Kısacası küreselci entegrasyon, kendi milleti için çalışan yöneticileri çeşitli yöntemlerle şeytanlaştırarak halkının gözünden düşürüyor. Kişisel olarak hiçbir kötülük görmediği halde, etki altında kalıp, halkın oyuyla seçilmiş siyasetçileri boğazını sıkarak öldürmek isteyenleri bile gördük. Ekonomide, küresel ticarette ve dış politikada çeşitli yöntemlerle ülkelerin sosyal, siyasal ve iktisadi hayatlarını olumsuz etkileyebilen, küresel çapta güce sahip yapılanmaların olduğunu, ne gibi işler gördüklerini sadece tek bir medya kuruluşunu izlemeye alıştırılmış kitleler nereden bilsin.

Gizli servislerin kurduğu paravan vakıfların, resmi bağış listelerinde hangi ülkelerdeki, hangi medya kuruluşlarının olduğu geçenlerde yayınlandı. Aslında her şey aleni yapılıyor, ama araştıran ve gören yok. İnsanlarımızı kutuplaştıran, birbirine düşüren yayınlar tesadüf değil. Tıpkı yüzü maskeli, binaları arabaları taşlayan, elinde molotof kokteyli olan protestocu kılığındaki sokak teröristlerinin tesadüfen sokağa çıkmadığı gibi.
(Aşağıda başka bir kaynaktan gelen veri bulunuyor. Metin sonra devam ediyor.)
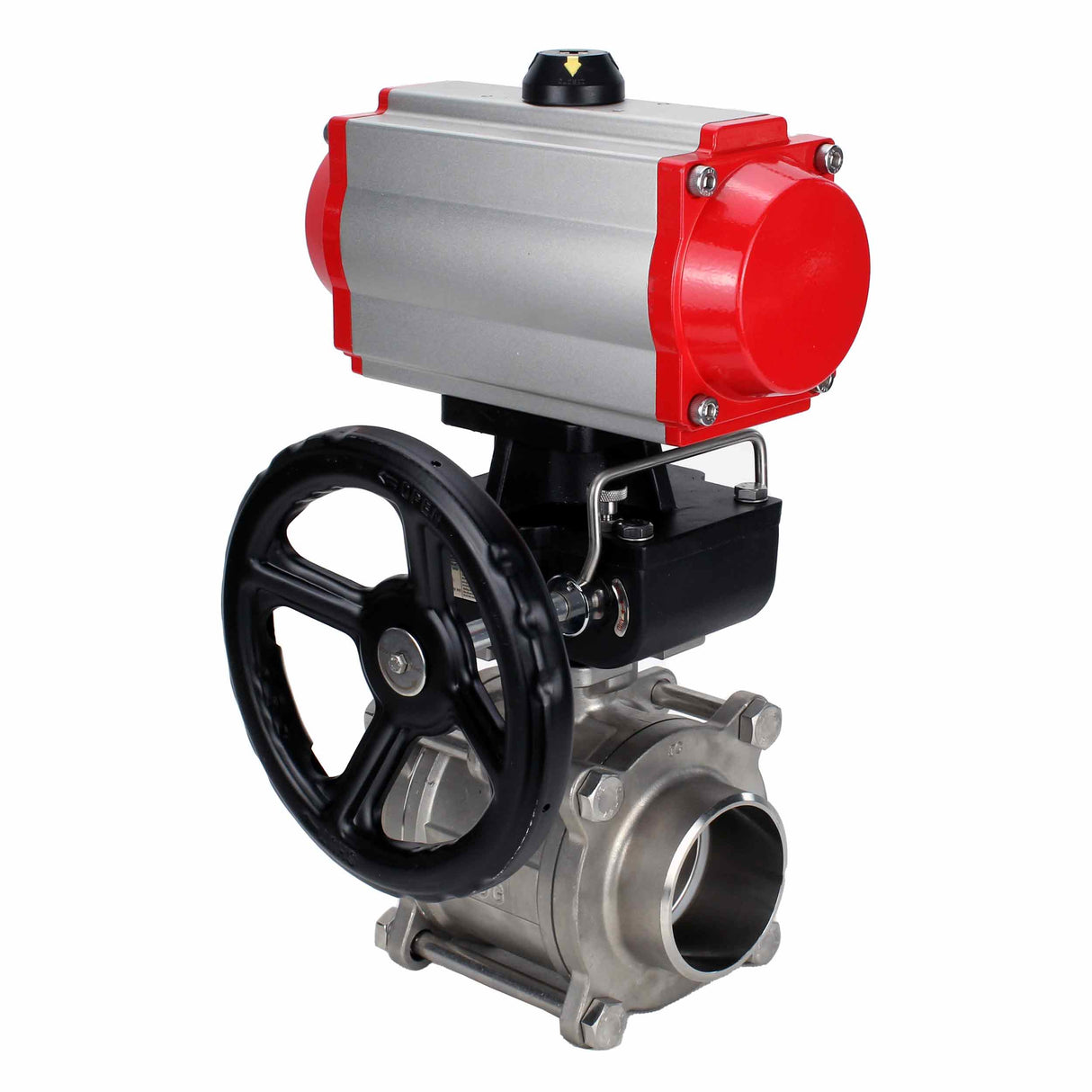 Stainless steel ball valve Elephant kshpp-316200-da-4m310-110/220-hdm, body material - stainless steel AISI 316, ball material - stainless steel AISI 316, seal - PTFE, pneumatic actuator operated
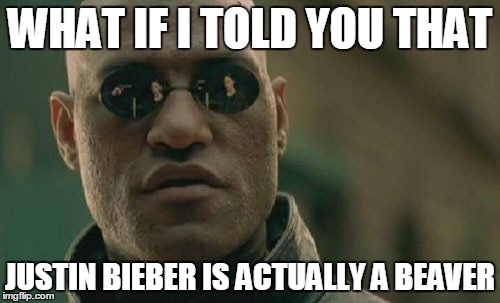 Matrix Morpheus | WHAT IF I TOLD YOU THAT; JUSTIN BIEBER IS ACTUALLY A BEAVER | image tagged in memes,matrix morpheus | made w/ Imgflip meme maker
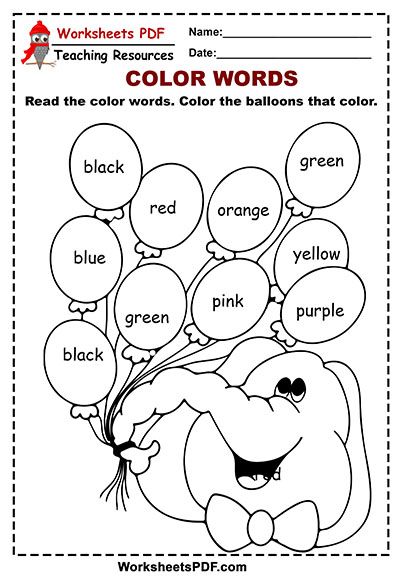 Enjoy the following color worksheets, Balloons Color Words Activity. Don’t forget to share our educational material on social networks. Balloons Color Words Activity Option A – Option B Color Words Worksheet, Colours Activities For Kids, Color Worksheets For Kindergarten, Colors Worksheet, Color Word Activities, Coloring Worksheets For Kindergarten, Kindergarten Word Families, English Activities For Kids, Toddler Education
Hadi gençler gösterin şunlara derken biraz düşünmek gerekiyor. Amerikalıların çoğu barışçıl yöntemlerle hükümeti protesto edenleri, sokaklarda kaos yaratmak isteyen teröristlerden ayırt etmeyi başardılar. Bizde bırakın böylesi ayırt edici kriterlerin geliştirilmesini, kitlesel nefreti körükleyen medyaların müptelası olmuş, her yalana inanan bir geniş kitlenin varlığına şahit oluyoruz. Ülkelerin birliğini, refahını ve huzurunu sağlamak giderek zorlaşıyor.